The two-stage retrieval pattern
In a naive RAG system, you run a single vector search, take the top-K results, and pass them directly to the generative model. This is fast but imprecise. The vector search is optimised for recall -- finding all potentially relevant results -- not for precision. The top-10 results from a vector search against 100 million vectors will include some genuinely relevant chunks and some that are topically adjacent but not actually useful for answering the query.
The two-stage retrieval pattern fixes this by separating the recall-optimised stage from the precision-optimised stage:
Stage 1: Fast retrieval (recall-optimised). Run the vector search and retrieve a large candidate set -- typically the top 50-100 results. This is cheap: 2-10 ms regardless of corpus size (with an HNSW index). The goal is to not miss any relevant chunks, even at the cost of including some irrelevant ones.
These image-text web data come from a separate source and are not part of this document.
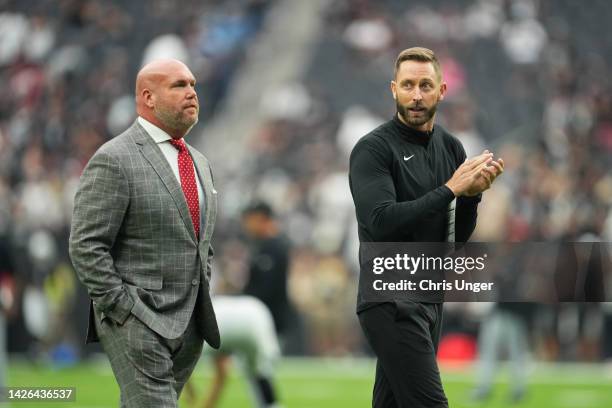 Head coach Kliff Kingsbury and general manager Steve Keim of the Arizona Cardinals look on during warmups before a game against the Las Vegas Raiders...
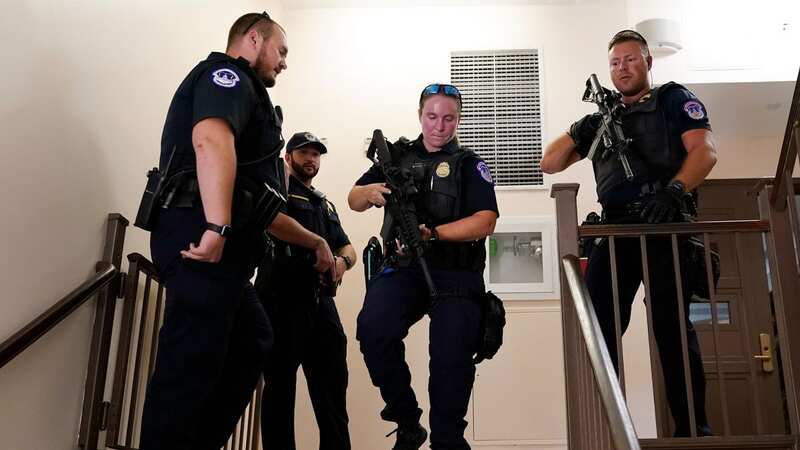 US Capitol Police officers clear a stairwell in the Dirksen Senate Office Building amid the scare today (Image: AP)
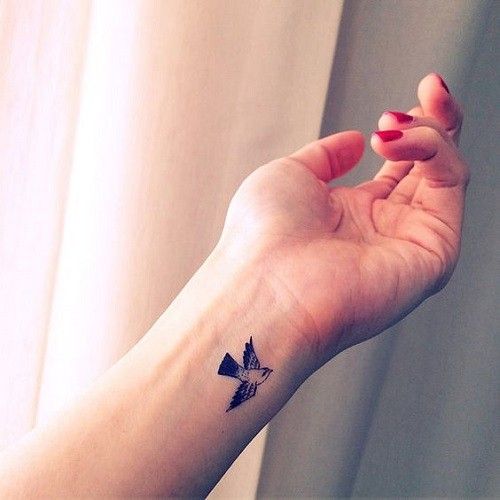 Minimalist bird tattoo on the finger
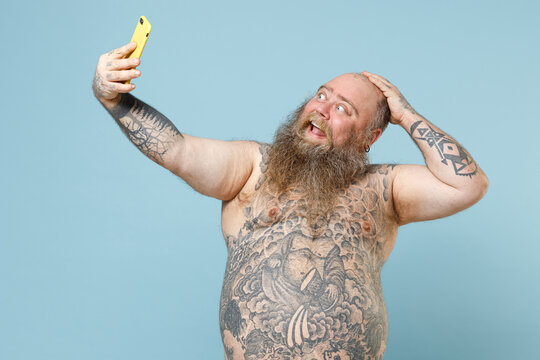 Young funny fat pudge obese chubby overweight blue-eyed bearded man 30s has big belly with naked tattooed torso doing selfie shot on mobile cell phone hold head isolated on pastel blue background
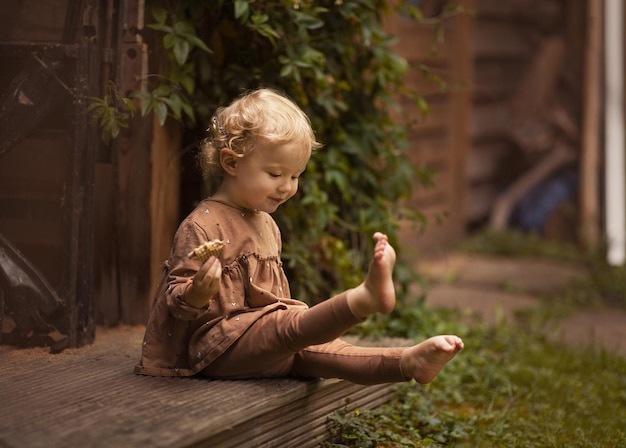 Adorable child sitting barefoot on the porch while eating a cookie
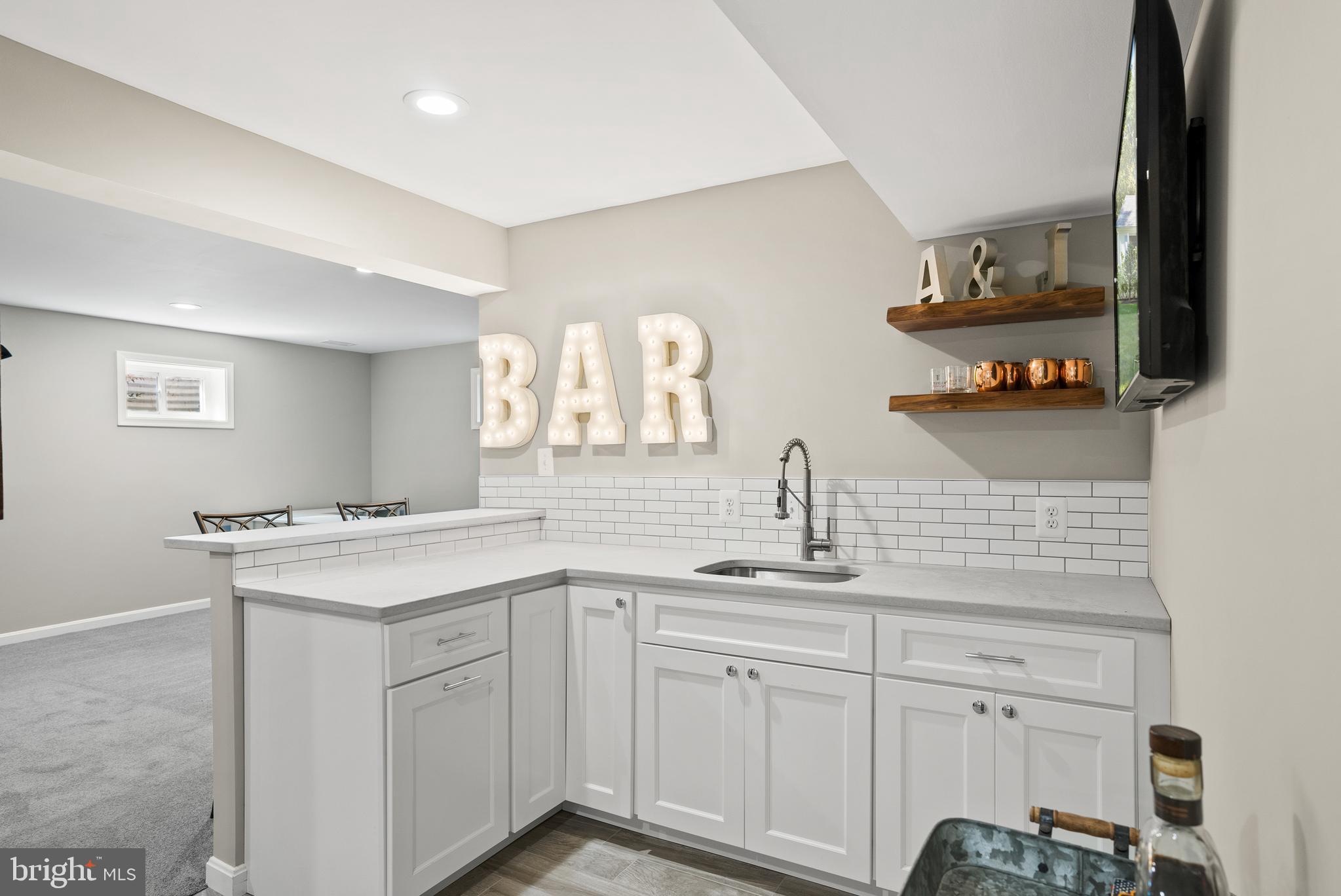 8436 Burning Tree Road Bethesda, MD 20817 - Photo 36 of 48 Full wetbar in the basement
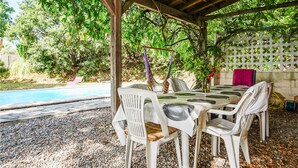 An outdoor patio with a pool, surrounded by trees and a pergola. - Beautiful home in Caux (Caux)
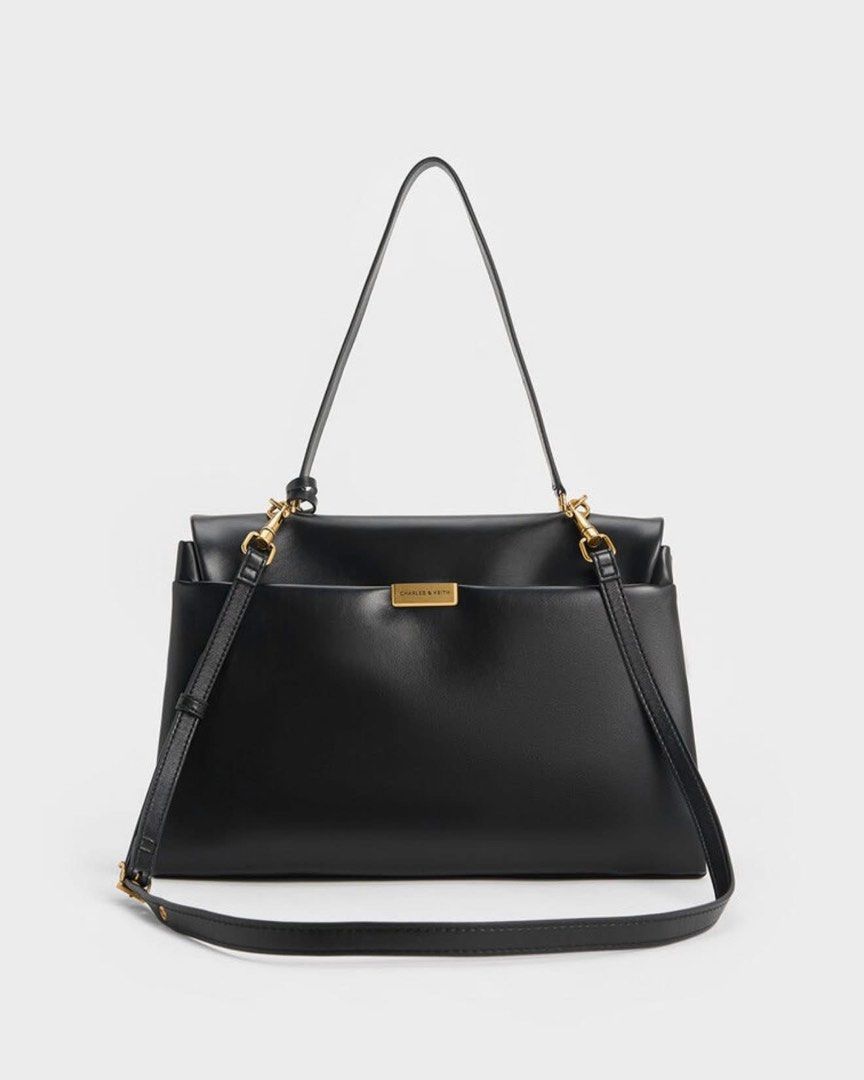 Charles & Keith Kerry Top Handle Satchel Bag (Category: Tote Bags) located in Pasig City. Submitted by ff.ph (Listing ID 1469748799, Image 2). Description: Color Black With Shoulder Strap Size 14 inches Turn Lock Closure With Echodustbag and Tag Add paperbag plus 80 .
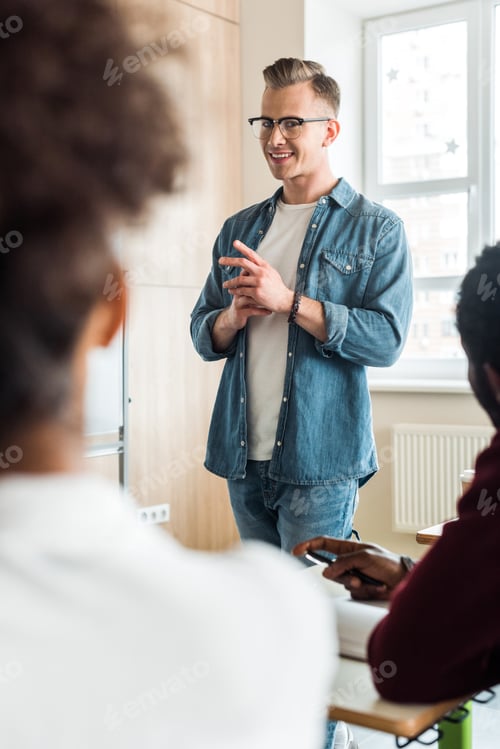 Preview: student in glasses and denim attire smiling in university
Stage 2: Slow reranking (precision-optimised). Run a more expensive model over the 50-100 candidates to re-score them. The reranker evaluates each candidate against the query with much more sophistication than cosine similarity. Keep the top 5-10 after reranking for generation.
Why does the reranker produce better rankings than the original vector search? Because vector search uses bi-encoder similarity: the query and the chunk are embedded independently, and you compare their vectors. The models have never "seen" the query and chunk together. A reranker (cross-encoder) processes the query and chunk as a single input, allowing it to model fine-grained interactions between query terms and chunk content. The cross-encoder can notice that "delivery obligation" in the query should match "the vendor shall deliver" in the chunk, even though their individual embeddings might not be maximally similar.
The trade-off: cross-encoder reranking is orders of magnitude slower than vector search. Processing 100 candidate pairs takes 50-150 ms on a GPU. This is why you do not use it as the primary search -- at 100 million candidates, it would take days. The two-stage pattern gives you the speed of vector search and the precision of cross-encoder evaluation.